Recorded data

== Segment start ==

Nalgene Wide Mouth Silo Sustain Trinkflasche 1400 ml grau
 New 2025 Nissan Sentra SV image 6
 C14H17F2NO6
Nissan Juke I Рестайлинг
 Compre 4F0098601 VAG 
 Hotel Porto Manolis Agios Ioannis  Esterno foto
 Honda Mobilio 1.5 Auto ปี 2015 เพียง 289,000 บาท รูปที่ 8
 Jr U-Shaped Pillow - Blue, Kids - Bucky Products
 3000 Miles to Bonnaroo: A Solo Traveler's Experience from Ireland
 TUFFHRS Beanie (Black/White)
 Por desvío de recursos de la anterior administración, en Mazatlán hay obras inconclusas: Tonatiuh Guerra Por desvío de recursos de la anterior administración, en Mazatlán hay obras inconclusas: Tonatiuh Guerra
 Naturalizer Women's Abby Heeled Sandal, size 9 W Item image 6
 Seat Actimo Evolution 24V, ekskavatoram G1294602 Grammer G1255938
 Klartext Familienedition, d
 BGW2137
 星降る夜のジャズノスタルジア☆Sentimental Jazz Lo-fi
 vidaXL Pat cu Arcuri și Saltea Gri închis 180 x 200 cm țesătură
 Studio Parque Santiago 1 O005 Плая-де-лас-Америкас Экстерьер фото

== Segment end ==

Exercise details:
Every entry needs to be retyped exactly.

Task response:
Nalgene Wide Mouth Silo Sustain Trinkflasche 1400 ml grau
 New 2025 Nissan Sentra SV image 6
 C14H17F2NO6
Nissan Juke I Рестайлинг
 Compre 4F0098601 VAG 
 Hotel Porto Manolis Agios Ioannis  Esterno foto
 Honda Mobilio 1.5 Auto ปี 2015 เพียง 289,000 บาท รูปที่ 8
 Jr U-Shaped Pillow - Blue, Kids - Bucky Products
 3000 Miles to Bonnaroo: A Solo Traveler's Experience from Ireland
 TUFFHRS Beanie (Black/White)
 Por desvío de recursos de la anterior administración, en Mazatlán hay obras inconclusas: Tonatiuh Guerra Por desvío de recursos de la anterior administración, en Mazatlán hay obras inconclusas: Tonatiuh Guerra
 Naturalizer Women's Abby Heeled Sandal, size 9 W Item image 6
 Seat Actimo Evolution 24V, ekskavatoram G1294602 Grammer G1255938
 Klartext Familienedition, d
 BGW2137
 星降る夜のジャズノスタルジア☆Sentimental Jazz Lo-fi
 vidaXL Pat cu Arcuri și Saltea Gri închis 180 x 200 cm țesătură
 Studio Parque Santiago 1 O005 Плая-де-лас-Америкас Экстерьер фото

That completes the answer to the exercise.